Есть замечательное и остроумное воспоминание Льва Кассиля, который писал, что когда Маяковский садился в машину, было ощущение, что он надевает на себя автомобиль. Такой он был грандиозный.
Привлекало и то, что он находился в постоянном творческом поиске. И даже его попытки высмеять обывательский быт — это было совершенно новаторской, революционной идеей, которой мы пользуемся уже более 100 лет.
Его невозможно забыть! Потому харизма таких людей не уходит вместе с ними. Она остается и по-прежнему притягивает.
— Его понимали? Или он был для всех словно с другой планеты?
— Знаете, он заставлял себя понимать. Конечно, у него были свои противники. Многие смотрели на него с недоумением. Многие с неприязнью. Но ведь в конце концов он победил! Он привлек на свою сторону читателей. И притом не только не современников.
Поэтому... Понимали те, кто хотел понять! Кто не хочет, тот не поймет.
Он был безусловным новатором и воспринимался консервативными людьми как некий посторонний.
— Есть мнение, что он был глубоко несчастен...
— Смотря что имеется в виду. Мне кажется, наоборот. Он занимался тем, чем хотел. У него были на это силы. У него был талант. В этом смысле он был абсолютно счастливым. Ну а личные переживания, личные драмы, которые и привели его к такому финалу, — то у кого их нет?
Просто кто-то может это перенести. А художники и поэты — души ранимые. Они воспринимают все намного острее.
— Факт, который потряс вас больше всего?
— Его смерть. Его уход. Потому что трудно поверить, что такой могучий духом человек мог так поступить. Неслучайно существует столько версий, что это не самоубийство.
Но что бы это ни было на самом деле, сам факт гибели такой фигуры — он, конечно, потрясает!
Ведь гибель героя — она всегда оставляет рану. И эстетическую, и эмоциональную.
— Как вы думаете, ему было бы комфортно жить в нашем с вами времени?
— Вопрос, насколько нам было бы комфортно с ним. А не ему с нами! (Смеется.) А уж он бы точно был на своем месте. Такие люди нужны во все времена. Поэтому я даже не сомневаюсь, что это была бы очень привлекательная фигура.
Уж точно бы не пропал! Даже в нашем переполненном информационном пространстве.
— У вас есть любимые строчки?
— Знаете, в семье моих родителей был культ Маяковского, и я всегда относился к нему с большим уважением.
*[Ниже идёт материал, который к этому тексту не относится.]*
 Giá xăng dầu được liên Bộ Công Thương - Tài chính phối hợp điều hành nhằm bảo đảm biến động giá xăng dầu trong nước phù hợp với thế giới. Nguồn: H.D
В свое время я даже прочел собрание его сочинений — большой красный пятитомник.
Многие любят противопоставлять Маяковского раннего и Маяковского позднего. Якобы ранний — вот он поэт, а поздний — продался. Но я этого не разделяю! Я считаю, что ранний, что поздний — мощная поэтическая фигура. И его талант никогда не ослабевал.
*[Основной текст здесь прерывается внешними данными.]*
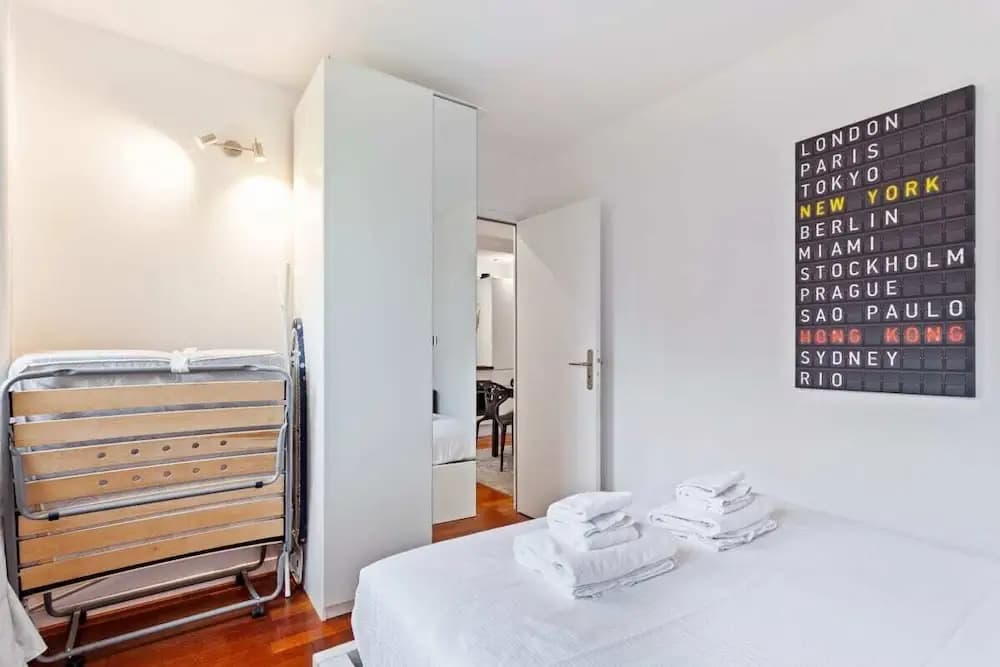 Stunning One Bedroom Apartment Sleeps 5, in Paris - photo 4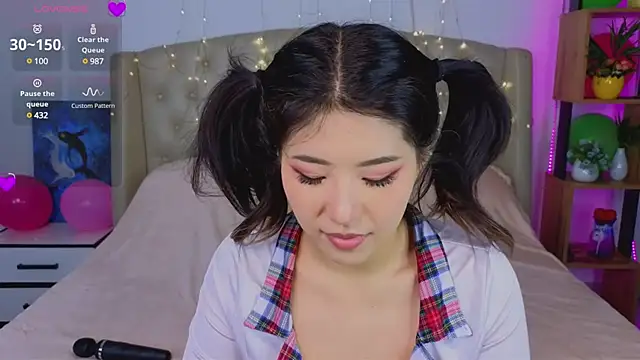 Wendy  Hills online show from 02.01.25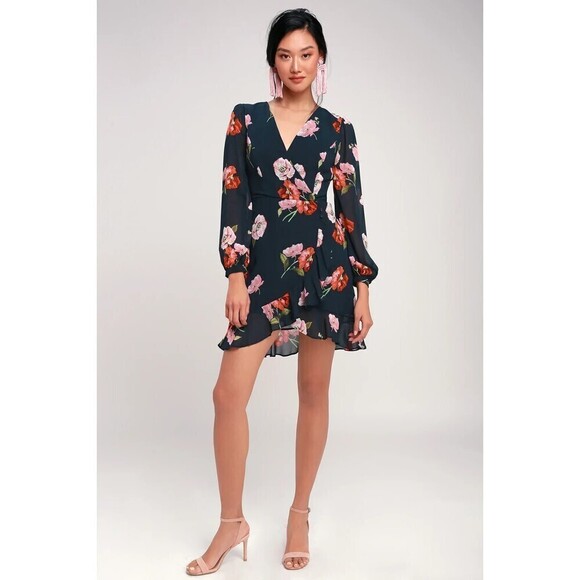LULUS In Full Bloom Navy Blue Floral Print Long Sleeve Mini Dress Size Small - Picture 3 of 11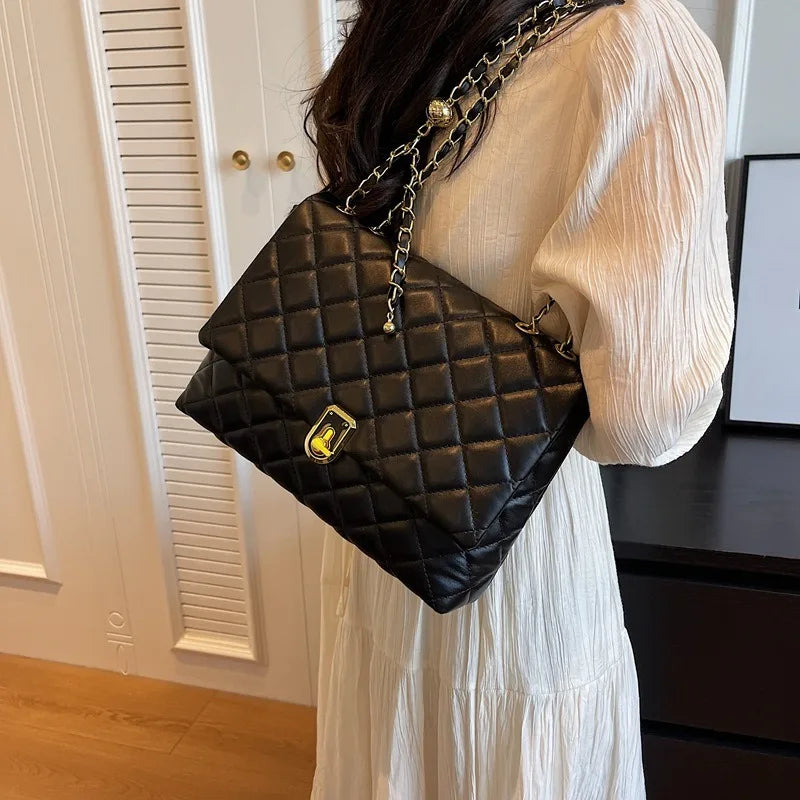 Diamond Pattern Shoulder Bag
Поэтому таких строк много. Но если говорить о дне сегодняшнем, то я очень люблю стихотворение «Что такое хорошо и что такое плохо?».
Ну вы помните: «Крошка сын к отцу пришел, и спросила кроха...»
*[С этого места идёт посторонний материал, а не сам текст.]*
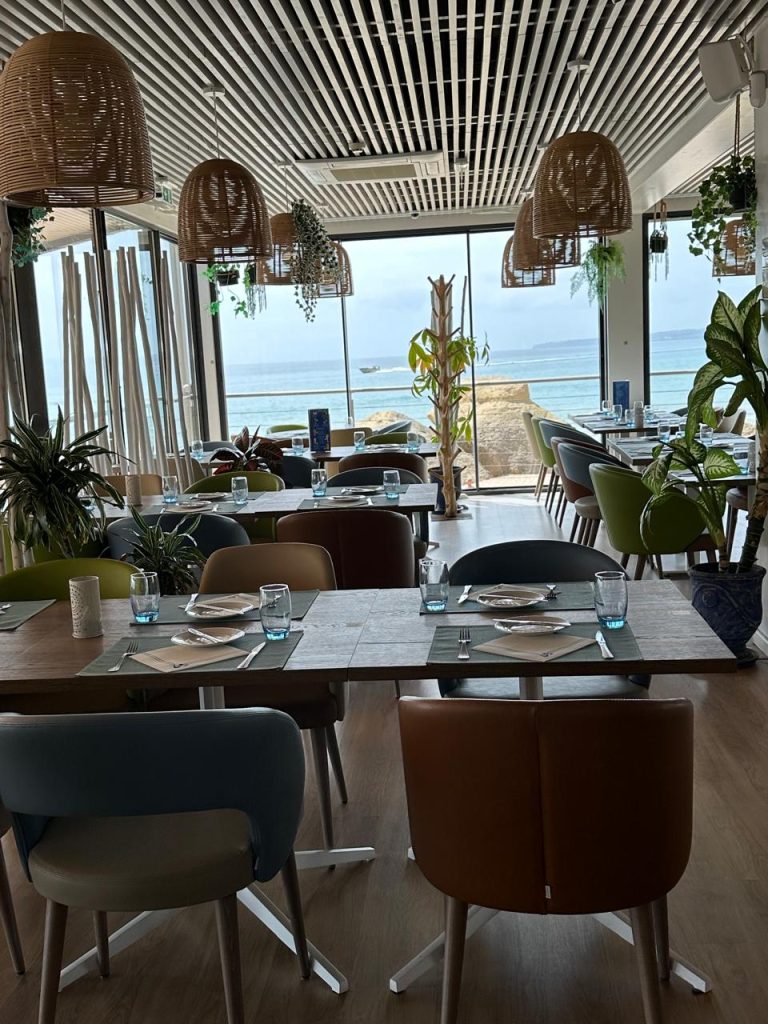 dining room at Pedlars Amarelas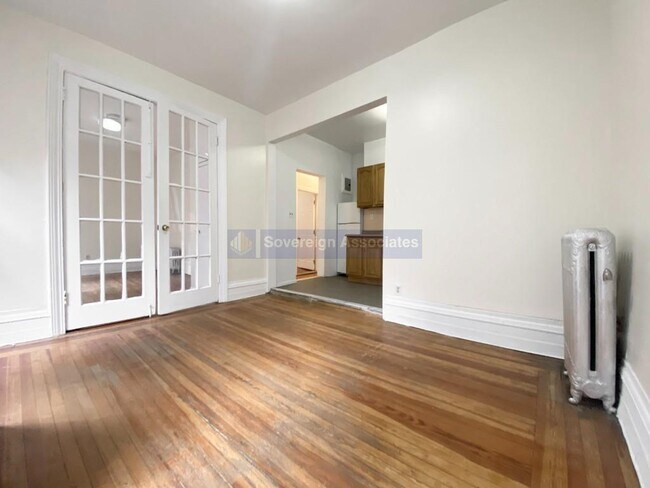 182 Claremont Ave in New York, NY - Building Photo - Building Photo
Вроде бы такие простые назидательные слова, но в наше время, когда все понятия перемешаны, где все это намеренно искажено и перевернуто, мне кажется, что эти простые строчки актуальны как никогда.
Надо постоянно задавать себе этот вопрос. Иначе не выжить!
Кстати, сегодня, 19 июля, в Литературном музее торжественно открылась выставка «О разных Маяковских», большую часть экспонатов которой составляют изобразительные материалы. Например, афиши выступлений или эскизы костюмов к «Мистерии-буфф». А также личные вещи и рукописи поэта.